The Telegraph reported yesterday that Labour MP and Shadow Secretary of State for Education, Tristram Hunt, blames children’s poor communication skills on bad parenting, saying that rather than talking to their children, these parents are simply letting them play on smartphones. His comments reference a University of Derby study from earlier this year that found that smartphone users spent an average of 3.6 hours a day on their device.
He said: “More children are presenting with serious difficulties when it comes to speech and language. In disadvantaged communities, children’s ability to talk, to play, to interact is often markedly behind. When I ask if the condition is getting worse, all heads say yes and they blame the iPhone.” His comments suggest that responsibility for this issue falls on parents, more so than schools or government, adding: “All too often it is schools which are left to address the learning gap, but it is poor parenting which is at fault. This isn’t a question of money: every parent can afford to talk to their child. It is a question of culture and understanding. Poor parents are often themselves victims of poor parenting. Most likely, they don’t understand the cumulative impact on scrolling down their smartphone rather than engaging with their 6-month-old.”

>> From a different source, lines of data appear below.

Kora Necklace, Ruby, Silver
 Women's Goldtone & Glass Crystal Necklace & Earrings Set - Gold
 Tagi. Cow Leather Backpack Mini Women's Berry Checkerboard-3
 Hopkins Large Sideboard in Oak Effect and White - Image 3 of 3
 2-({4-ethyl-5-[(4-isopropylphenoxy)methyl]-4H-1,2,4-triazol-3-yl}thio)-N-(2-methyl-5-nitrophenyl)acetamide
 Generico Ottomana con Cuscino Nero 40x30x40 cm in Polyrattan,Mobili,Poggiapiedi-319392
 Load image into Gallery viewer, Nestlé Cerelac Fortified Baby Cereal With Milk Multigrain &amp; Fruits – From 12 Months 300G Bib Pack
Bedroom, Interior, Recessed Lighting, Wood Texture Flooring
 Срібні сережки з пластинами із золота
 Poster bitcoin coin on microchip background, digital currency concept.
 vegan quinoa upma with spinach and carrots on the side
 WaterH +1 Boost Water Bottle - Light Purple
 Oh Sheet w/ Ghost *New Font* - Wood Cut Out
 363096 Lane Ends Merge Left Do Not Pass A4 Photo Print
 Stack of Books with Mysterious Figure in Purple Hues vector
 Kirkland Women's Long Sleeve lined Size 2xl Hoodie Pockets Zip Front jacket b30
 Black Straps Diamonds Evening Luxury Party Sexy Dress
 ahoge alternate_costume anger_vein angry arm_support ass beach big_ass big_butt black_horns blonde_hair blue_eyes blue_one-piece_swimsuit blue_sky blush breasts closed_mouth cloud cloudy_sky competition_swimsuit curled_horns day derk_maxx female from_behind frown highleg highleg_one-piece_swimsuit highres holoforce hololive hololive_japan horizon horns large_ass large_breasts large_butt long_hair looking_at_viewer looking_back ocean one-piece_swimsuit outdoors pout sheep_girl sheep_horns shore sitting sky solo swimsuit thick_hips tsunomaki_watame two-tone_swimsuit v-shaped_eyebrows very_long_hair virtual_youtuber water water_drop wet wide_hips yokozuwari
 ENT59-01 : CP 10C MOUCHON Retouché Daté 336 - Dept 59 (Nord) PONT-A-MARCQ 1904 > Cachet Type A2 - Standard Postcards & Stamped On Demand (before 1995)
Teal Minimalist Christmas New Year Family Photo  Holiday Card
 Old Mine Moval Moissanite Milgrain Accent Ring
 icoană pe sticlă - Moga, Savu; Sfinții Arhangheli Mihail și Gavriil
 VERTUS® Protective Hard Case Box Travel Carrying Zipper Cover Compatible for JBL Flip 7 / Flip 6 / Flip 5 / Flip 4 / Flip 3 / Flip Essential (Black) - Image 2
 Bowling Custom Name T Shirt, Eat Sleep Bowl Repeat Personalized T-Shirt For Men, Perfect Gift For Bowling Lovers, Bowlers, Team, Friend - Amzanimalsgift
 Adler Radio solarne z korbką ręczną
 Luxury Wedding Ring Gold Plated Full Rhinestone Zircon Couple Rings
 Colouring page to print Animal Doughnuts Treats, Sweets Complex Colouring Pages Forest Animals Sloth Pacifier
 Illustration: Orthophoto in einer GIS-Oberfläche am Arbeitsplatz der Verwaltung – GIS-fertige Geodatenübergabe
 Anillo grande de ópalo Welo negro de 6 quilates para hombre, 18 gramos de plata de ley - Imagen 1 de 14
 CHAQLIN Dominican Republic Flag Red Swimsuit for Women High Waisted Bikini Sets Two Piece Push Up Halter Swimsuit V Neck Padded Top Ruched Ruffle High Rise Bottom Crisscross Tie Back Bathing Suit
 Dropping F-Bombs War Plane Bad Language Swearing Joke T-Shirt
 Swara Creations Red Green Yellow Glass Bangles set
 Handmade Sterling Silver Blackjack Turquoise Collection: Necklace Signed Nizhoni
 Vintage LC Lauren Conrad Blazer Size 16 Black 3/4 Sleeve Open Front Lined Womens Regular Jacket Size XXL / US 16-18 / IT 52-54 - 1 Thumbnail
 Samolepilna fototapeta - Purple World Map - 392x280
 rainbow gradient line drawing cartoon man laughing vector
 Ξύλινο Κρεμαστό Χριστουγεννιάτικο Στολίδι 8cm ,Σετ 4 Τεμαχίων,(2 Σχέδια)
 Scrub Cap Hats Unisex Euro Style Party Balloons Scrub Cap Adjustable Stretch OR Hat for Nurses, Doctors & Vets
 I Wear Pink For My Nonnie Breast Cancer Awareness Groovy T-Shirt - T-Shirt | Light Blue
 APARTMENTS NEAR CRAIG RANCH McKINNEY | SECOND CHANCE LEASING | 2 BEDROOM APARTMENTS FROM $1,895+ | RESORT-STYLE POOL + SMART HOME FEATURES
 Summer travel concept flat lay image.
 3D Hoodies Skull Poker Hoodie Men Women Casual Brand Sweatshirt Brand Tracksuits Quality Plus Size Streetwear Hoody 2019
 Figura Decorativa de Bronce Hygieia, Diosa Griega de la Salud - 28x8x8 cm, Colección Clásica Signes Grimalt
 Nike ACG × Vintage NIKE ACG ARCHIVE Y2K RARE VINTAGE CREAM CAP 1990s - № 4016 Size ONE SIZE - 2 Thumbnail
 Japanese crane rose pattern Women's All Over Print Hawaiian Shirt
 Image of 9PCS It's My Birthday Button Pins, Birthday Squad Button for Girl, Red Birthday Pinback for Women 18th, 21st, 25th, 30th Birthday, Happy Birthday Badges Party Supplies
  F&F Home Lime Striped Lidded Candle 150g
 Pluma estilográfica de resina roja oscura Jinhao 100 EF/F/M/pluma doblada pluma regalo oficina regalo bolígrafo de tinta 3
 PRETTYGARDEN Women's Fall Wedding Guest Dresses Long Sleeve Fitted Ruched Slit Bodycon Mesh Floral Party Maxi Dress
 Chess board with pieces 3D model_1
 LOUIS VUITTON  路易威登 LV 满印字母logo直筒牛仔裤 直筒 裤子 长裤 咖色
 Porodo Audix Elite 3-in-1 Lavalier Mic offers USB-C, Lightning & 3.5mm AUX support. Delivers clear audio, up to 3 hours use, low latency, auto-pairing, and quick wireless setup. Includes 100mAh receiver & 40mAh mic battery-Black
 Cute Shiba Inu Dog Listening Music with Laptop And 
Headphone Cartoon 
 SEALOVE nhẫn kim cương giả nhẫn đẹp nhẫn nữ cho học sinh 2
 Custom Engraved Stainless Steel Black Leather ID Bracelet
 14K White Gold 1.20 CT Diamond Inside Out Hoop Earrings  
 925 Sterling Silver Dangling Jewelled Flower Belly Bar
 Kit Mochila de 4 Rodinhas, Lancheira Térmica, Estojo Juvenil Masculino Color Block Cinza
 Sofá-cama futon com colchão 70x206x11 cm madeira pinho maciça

In response, I CAN Director of Outcomes and Information, Mary Hartshorne stated: “As the children’s communication charity, I CAN has long campaigned about children’s poor communication; there is evidence that this is a particular issue in areas of disadvantage. A recent report issued by the Read On. Get On campaign – of which I CAN is a founder member – presents new evidence that children in deprived areas have poorer language skills at age 3 and without support are more likely to stay behind their wealthier peers. It is well evidenced that good language skills are essential for children to do well at school, to learn to read and to make friends.”
“At I CAN we strongly endorse the important role that face-to-face interaction has in supporting children’s language development,” says Hartshorne. “However, we need to embrace the opportunities that technology brings. We know that used in the right way television and touchscreen devices can support children’s language development – what’s important is that children talk with other children and adults whilst using them. We know from extensive research that children struggle to communicate for a range of reasons and various factors affect this development. What is important is ensuring that parents and carers have the information they need to help their children develop these essential skills; skills needed to do well at school, to learn to read and to make friends. With this knowledge, they can also identify any difficulties as early as possible to get the support they need.”